# GOAL OF THE EXERCISE:
The data below is to be retyped exactly, line by line.

START COLLECTED DATA

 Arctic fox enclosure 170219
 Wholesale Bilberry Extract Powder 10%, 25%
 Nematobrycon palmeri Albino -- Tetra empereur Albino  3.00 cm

END COLLECTED DATA

# REPLY TO THE EXERCISE:
 Arctic fox enclosure 170219
 Wholesale Bilberry Extract Powder 10%, 25%
 Nematobrycon palmeri Albino -- Tetra empereur Albino  3.00 cm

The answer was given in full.